Thanks for the Memory

Locally, we have just finished up a HeliOS Project hardware drive, and it went well.  One of the unforeseen consequences of this publicity was the added requests for computers to be installed.  So far, we have 109 requests.  It is going to take us some time to see how many of these qualify for a HeliOS computer but even if only half qualify, we have our work cut out for us.

We did receive some good computers, especially laptops.  Most older kids starting high school or college will want a laptop.  Our current problem is that many of these machines came with only 256 or 512 meg of RAM.  Our experience teaches us that putting out a computer with less than 1 gig of ram is more of a hindrance than a help .

And sure, a "light" desktop will make the computer itself boot faster and open applications faster but it really does nothing to make the actual applications work faster.

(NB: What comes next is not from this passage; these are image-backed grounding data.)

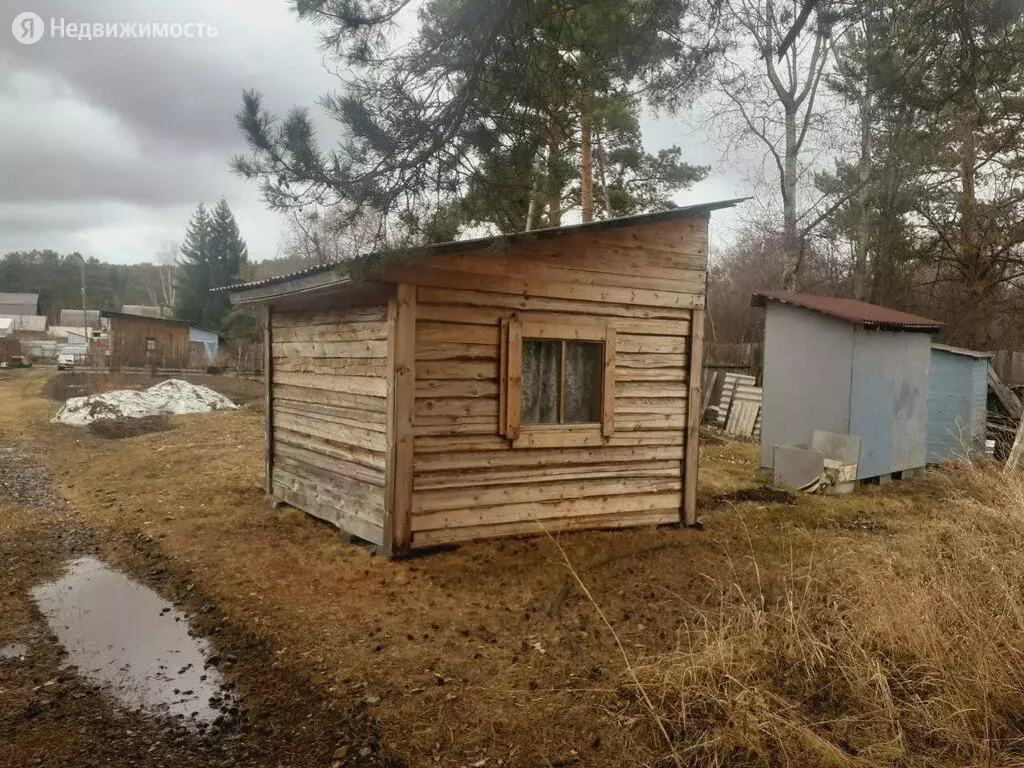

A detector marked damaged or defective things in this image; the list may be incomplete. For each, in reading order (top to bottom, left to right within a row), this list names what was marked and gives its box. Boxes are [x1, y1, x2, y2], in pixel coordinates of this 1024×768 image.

rusty brown metal roof [753, 290, 942, 331]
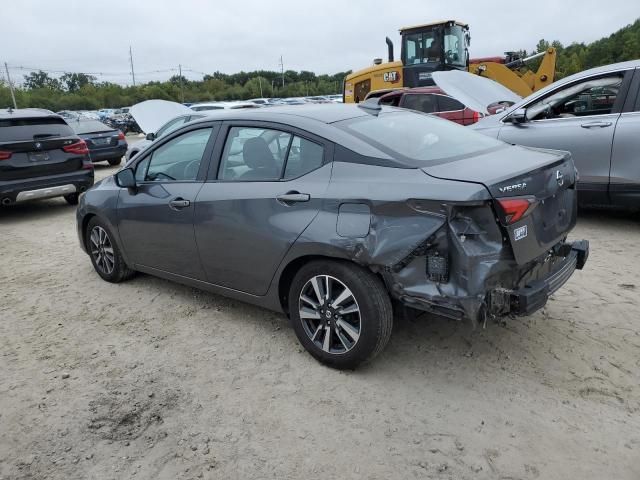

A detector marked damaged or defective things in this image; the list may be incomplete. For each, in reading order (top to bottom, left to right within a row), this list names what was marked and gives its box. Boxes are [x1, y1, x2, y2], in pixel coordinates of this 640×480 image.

damaged gray sedan [76, 103, 592, 370]
wrecked salvage car [76, 103, 592, 370]
broken tail light [496, 197, 536, 225]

Has anyone tried to use Open Office with 256 meg of RAM?

It isn't pretty.

Two weeks ago, I had a conversation with a gentleman who is part owner in a large new car dealership here in Austin.  We met him while delivering one of our computers.  After telling him of some of the challenges we faced in operating The HeliOS Project, he offered to help.

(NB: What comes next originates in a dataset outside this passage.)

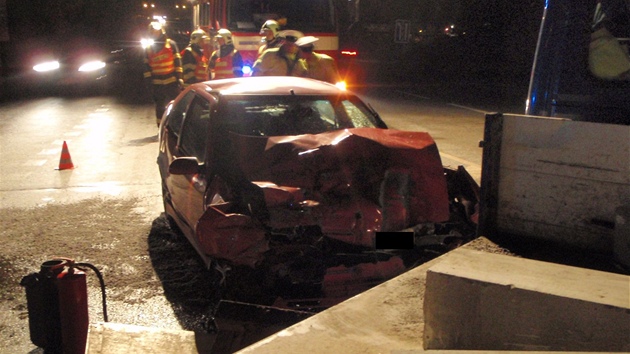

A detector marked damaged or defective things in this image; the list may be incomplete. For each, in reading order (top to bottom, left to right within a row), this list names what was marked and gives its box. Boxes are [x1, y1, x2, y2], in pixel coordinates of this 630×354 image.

Beginning on Saturday, the 21st of August, this gentleman and his brother will match any donation made to The HeliOS Project and they will do so through the 5th of September.  They have offered to match these donations up to a total of 1000 dollars.

This is a great opportunity for us.  Funding has been sparse this year...it's been tough for everyone.

These generous car dealers have asked to remain anonymous and I understand that.  Often when I donate to things I believe in, I don't particularly want any recognition.  Just getting the job done is enough for us.

We will be doing some bulk ordering of laptop and desktop RAM if this works out for us.  We will also use the money to purchase decent video cards and hard drives.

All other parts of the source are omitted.